[![Open In Colab](https://colab.research.google.com/assets/colab-badge.svg)](https://colab.research.google.com/github/nepslor/B5203E-TSAF/blob/main/W5/exponential_smoothing_implementation_solutions.ipynb)

# Exponential smoothing implementation
In this exercise we will try to craft different flavours of exponential smoothing algorithms from scratch, and compare their performance.



In [None]:
%%capture
!pip install wget
import pandas as pd
import wget
import numpy as np
data = pd.read_pickle(wget.download("https://zenodo.org/record/4549296/files/reduced_dataset.pk?download=1"));

In [None]:
samples_per_day = 24
data = pd.concat([data['all'], pd.Series(np.vstack(data['ghi_backwards'])[:, 0], name='ghi', index=data.index), pd.Series(np.vstack(data['temperature'])[:, 0], name='T', index=data.index)], axis=1)
data = data.resample('1h', origin='start').mean()
data /= data.std()
data = data.iloc[48:]
data.head()



In [None]:
import matplotlib.pyplot as plt
import statsmodels.api as sm
fig, ax = plt.subplots(2, 1, figsize=(10, 4))
_ = sm.graphics.tsa.plot_acf(data['all'], lags=24*7, ax=ax[0])
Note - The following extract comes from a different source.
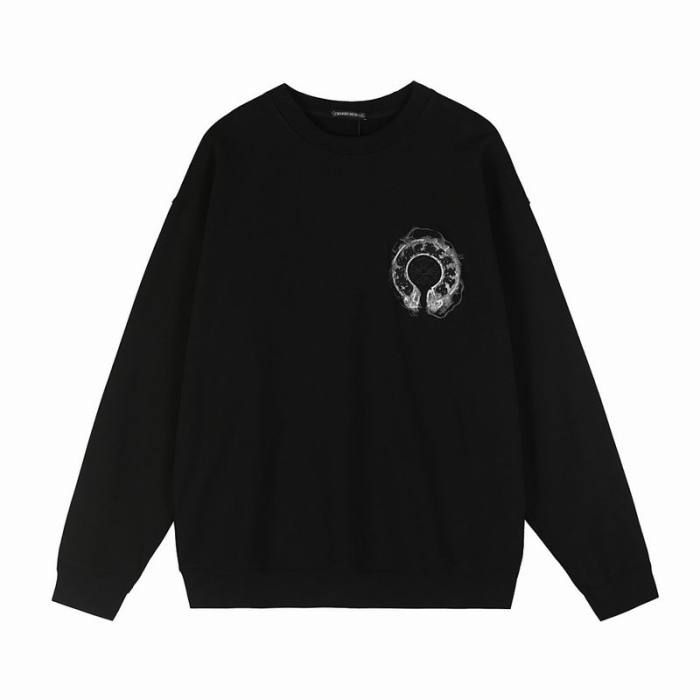 Chrome Hearts men Hoodies-1969(S-XL)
y = data['all'].loc[data.index<'2019-01-13']
y = pd.concat([y, pd.Series(y.index.dayofyear, name='day', index=y.index),
               pd.Series(y.index.hour, name='hour', index=y.index)], axis=1)
y_mat = y.pivot(index='day', columns='hour', values='all').T
ax[1].matshow(y_mat, aspect='auto')



From the ACF plot it is clear that the signal is strongly seasonal, with a period of 24 hours. The heatmap plot also shows that the signal has a daily seasonality, with higher values during the day and lower values during the night. Let's keep a seasonality = 24 for our models.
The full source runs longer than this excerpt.